Edit: When I do a simple calculation for the HE (with those eight cards removed) by summing the 8 deck EOR coefficients for those 8 cards, I get that the HE changes from -0.00717 to approximately -0.001998 -which is in the ballpark of the value of HE =-.001884 provided by Bjstrat and the full MGP calculator.

So, the value of HE = +0.0280819 given by the MGP's "realtime analysis" algorithms is really wacky and most likely involves a programming error.

BTW, my calculation just shows how bad or good the standard "summing the EOR" methodology is: with only 8 small cards removed the error in HE is already 0.11%. When 80 or 100 cards are removed, the errors can become significantly larger.

Quote:gordonm888Clearly, the "realtime analysis" is too approximate to be relied on. That's a terrible discrepancy, especially for the removal of only eight cards.

Edit: When I do a simple calculation for the HE (with those eight cards removed) by summing the 8 deck EOR coefficients for those 8 cards, I get that the HE changes from -0.00717 to approximately -0.001998 -which is in the ballpark of the value of HE =-.001884 provided by Bjstrat and the full MGP calculator.

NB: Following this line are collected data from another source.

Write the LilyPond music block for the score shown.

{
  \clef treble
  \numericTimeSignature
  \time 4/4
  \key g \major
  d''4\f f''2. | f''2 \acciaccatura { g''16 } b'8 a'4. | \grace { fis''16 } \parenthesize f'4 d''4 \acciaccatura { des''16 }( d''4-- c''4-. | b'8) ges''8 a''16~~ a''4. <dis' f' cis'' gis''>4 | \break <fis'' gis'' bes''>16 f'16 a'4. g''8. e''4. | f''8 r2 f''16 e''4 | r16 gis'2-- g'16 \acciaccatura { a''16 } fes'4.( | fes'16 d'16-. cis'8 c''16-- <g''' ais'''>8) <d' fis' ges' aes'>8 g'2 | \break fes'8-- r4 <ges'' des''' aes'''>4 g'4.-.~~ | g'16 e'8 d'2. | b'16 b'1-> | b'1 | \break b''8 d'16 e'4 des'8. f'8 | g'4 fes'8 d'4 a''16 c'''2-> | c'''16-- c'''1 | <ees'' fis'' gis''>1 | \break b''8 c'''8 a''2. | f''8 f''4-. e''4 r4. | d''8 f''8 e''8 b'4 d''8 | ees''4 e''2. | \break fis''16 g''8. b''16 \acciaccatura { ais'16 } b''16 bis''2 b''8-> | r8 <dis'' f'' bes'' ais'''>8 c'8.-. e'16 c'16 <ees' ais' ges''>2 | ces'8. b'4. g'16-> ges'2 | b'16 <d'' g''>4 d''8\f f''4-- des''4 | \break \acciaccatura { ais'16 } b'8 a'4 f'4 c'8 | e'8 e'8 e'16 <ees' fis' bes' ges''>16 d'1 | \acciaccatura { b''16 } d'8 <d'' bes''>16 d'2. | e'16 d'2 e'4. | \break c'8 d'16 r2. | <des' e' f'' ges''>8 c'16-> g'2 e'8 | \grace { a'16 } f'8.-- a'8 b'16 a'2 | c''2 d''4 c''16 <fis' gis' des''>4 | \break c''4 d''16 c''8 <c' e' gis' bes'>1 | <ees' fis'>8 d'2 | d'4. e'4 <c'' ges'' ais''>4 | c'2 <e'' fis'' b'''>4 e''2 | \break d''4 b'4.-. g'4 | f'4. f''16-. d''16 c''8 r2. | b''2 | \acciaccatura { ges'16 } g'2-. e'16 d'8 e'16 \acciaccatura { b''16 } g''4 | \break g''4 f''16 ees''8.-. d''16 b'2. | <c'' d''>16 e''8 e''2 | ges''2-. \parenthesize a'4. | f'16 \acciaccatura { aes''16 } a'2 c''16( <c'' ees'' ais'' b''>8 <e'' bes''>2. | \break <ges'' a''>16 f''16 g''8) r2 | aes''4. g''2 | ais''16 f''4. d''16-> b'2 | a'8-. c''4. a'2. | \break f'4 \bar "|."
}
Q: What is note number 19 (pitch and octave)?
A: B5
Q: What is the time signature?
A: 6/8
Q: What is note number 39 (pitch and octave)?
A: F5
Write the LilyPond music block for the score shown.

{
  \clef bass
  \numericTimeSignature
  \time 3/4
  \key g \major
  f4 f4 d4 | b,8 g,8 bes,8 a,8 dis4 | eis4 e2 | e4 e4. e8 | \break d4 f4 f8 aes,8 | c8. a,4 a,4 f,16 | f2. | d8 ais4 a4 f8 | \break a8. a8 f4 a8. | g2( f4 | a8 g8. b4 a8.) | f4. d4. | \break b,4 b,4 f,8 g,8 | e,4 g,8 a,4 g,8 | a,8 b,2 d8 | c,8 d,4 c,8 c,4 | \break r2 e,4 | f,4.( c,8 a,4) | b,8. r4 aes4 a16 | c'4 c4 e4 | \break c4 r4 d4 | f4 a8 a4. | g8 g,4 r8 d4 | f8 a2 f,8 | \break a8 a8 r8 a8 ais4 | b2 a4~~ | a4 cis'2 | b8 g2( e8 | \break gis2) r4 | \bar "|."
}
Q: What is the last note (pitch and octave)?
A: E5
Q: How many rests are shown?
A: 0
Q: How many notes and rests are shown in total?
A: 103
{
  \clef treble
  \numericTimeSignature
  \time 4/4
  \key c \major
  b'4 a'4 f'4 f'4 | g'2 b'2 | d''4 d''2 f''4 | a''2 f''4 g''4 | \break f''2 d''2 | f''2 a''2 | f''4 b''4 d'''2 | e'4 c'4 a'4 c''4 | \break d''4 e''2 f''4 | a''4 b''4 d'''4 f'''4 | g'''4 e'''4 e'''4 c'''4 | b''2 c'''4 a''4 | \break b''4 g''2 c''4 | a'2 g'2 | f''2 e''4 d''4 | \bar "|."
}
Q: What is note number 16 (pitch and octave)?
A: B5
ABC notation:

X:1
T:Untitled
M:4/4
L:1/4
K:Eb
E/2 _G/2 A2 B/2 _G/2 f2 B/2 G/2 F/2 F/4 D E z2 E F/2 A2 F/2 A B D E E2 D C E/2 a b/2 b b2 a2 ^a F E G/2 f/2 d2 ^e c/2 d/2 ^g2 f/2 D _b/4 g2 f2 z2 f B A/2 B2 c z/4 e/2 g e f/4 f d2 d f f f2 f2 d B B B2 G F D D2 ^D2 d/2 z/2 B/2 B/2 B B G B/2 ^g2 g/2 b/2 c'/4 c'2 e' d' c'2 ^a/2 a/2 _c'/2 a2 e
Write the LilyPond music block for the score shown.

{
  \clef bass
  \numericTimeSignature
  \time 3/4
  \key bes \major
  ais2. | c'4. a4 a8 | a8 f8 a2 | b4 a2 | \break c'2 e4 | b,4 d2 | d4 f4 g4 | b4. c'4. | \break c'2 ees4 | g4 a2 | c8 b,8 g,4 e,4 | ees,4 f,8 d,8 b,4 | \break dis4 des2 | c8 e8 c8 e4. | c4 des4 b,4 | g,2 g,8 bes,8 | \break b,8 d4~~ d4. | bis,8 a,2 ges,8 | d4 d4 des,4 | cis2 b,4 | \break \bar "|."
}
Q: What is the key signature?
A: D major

So, the value of HE = +0.0280819 given by the MGP's "realtime analysis" algorithms is really wacky and most likely involves a programming error.

BTW, my calculation just shows how bad or good the standard "summing the EOR" methodology is: with only 8 small cards removed the error in HE is already 0.11%. When 80 or 100 cards are removed, the errors can become significantly larger.

I tried to guess what the error with the "realtime analysis" could be by going from 8 deck to single deck (all other rules the same as OP) and then removing the same 8 cards, but it just spat out an EV of between 0.15 and 0.16 for "realtime".

That's good that your calculation is close to the one on the bjstrat site and the full MGP calculator.